# Alternatives to T-Quoter and Fastmanager



## raise (Apr 11, 2008)

I've been hunting for a shop management program and while T-Quoter and FastManager each have pluses, they also still don't really match what I need.

Has anyone else seen or know of similar programs?


----------



## IDINDUSTRIES (Sep 28, 2007)

check out Pricelist from SMR software (Embroidery and Screen Printing Products from SMR Software)


----------



## raise (Apr 11, 2008)

IDINDUSTRIES said:


> check out Pricelist from SMR software (Embroidery and Screen Printing Products from SMR Software)



Neat piece of software. I'm looking for something more flexible though as I run DTG printing. It looks like there are a number of fixed items in the costing segment.

If this application were more configurable and supported product imports, it would be pretty close to what I am looking for.

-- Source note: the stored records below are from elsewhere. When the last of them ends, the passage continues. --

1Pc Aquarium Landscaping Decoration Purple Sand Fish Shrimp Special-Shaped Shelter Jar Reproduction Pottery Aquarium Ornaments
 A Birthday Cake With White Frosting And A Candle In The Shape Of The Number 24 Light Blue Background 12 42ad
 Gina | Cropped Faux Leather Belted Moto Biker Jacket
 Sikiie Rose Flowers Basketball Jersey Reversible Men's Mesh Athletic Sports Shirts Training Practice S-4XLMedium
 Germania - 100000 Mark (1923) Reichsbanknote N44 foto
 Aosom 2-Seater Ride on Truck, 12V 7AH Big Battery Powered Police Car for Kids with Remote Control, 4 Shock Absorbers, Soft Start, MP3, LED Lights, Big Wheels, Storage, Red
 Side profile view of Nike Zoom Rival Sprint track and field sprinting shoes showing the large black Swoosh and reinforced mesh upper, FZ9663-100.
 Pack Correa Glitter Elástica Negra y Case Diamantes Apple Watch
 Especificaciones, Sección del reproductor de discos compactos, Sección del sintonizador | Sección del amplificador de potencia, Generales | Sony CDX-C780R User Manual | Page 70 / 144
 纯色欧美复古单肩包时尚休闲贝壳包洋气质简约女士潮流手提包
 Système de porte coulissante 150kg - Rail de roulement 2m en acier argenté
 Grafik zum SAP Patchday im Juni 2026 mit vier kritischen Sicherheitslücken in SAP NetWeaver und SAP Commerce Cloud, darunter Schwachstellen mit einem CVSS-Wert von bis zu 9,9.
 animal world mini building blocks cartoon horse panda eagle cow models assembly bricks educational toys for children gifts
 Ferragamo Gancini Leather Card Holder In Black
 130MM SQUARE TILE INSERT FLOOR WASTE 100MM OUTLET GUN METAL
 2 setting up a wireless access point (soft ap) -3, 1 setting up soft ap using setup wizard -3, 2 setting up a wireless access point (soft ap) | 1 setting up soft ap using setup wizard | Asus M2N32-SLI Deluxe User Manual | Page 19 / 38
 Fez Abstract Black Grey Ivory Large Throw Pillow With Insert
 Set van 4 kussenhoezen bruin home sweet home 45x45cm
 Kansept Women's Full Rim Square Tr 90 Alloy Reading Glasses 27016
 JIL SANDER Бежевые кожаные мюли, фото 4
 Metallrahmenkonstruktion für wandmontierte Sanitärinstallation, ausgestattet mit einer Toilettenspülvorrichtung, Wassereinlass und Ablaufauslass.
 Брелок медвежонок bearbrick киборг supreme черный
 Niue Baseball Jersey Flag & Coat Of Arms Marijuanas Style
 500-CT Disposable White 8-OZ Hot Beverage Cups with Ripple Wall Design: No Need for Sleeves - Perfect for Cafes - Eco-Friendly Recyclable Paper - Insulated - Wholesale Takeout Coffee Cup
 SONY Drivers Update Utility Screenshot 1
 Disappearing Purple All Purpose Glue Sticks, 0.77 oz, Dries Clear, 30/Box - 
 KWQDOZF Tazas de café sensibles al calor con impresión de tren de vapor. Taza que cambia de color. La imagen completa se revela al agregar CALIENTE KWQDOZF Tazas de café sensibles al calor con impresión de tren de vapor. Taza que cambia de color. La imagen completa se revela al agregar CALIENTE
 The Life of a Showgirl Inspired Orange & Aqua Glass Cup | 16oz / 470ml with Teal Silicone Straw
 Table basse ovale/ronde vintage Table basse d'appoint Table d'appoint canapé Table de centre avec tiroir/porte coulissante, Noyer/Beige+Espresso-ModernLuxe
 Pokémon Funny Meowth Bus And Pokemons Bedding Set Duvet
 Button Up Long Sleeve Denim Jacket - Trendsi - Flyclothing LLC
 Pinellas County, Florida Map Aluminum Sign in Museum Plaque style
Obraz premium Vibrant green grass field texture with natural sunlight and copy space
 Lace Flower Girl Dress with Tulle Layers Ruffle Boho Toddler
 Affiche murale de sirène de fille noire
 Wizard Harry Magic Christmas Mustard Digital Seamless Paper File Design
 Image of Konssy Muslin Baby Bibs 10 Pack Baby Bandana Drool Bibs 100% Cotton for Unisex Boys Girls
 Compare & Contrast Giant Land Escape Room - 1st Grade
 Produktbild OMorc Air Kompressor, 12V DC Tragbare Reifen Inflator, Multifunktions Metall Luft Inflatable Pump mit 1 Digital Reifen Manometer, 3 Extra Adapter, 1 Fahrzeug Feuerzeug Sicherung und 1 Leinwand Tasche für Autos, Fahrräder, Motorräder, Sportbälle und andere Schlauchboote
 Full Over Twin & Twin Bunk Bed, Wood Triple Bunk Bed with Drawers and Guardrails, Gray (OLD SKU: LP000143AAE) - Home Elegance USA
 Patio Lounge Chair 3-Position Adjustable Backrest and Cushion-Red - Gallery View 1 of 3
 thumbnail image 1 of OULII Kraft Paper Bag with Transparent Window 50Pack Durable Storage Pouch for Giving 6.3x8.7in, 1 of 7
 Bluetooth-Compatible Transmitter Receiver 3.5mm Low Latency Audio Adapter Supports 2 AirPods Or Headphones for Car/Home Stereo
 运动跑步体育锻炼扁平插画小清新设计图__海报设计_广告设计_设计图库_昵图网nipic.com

Anyone else found similar applications?

A dream application would:

1. allow import of product catalogs from vendors,
2. support image associations with each product per variation, 
3. generate mockups based design files and product images (like custom shirt designers do except be able to save the mockup for reference),
4. generate work orders,
5. support multiple users on a network.
6. be priced from $500 or less.


----------



## VectorKing (Mar 1, 2007)

I was really impressed by FastManager. You can set up your pricing tables any way that you would like and it is compatible with Quickbooks meaning no repetitive data entry. What is it lacking for you? Not having product images or is it priced too high? I'm interested to hear others opinions on the software as I have been researching management systems. I have also looked into ASI Computer system's Profitmaker but it is mored honed into ASI distributing and manufacturing rather than a printing and embroidery production shop.


----------



## martinwoods (Jul 20, 2006)

I am not sure if estimate would be what you are looking for but when I talked to them at sgia last week they said they were going to be adding dtg to it. At least that is what the woman told me


----------



## raise (Apr 11, 2008)

martinwoods said:


> I am not sure if estimate would be what you are looking for but when I talked to them at sgia last week they said they were going to be adding dtg to it. At least that is what the woman told me


 
Which product is this? Do you have a link to look at?


----------



## raise (Apr 11, 2008)

VectorKing said:


> I was really impressed by FastManager. You can set up your pricing tables any way that you would like and it is compatible with Quickbooks meaning no repetitive data entry. What is it lacking for you? Not having product images or is it priced too high? I'm interested to hear others opinions on the software as I have been researching management systems. I have also looked into ASI Computer system's Profitmaker but it is mored honed into ASI distributing and manufacturing rather than a printing and embroidery production shop.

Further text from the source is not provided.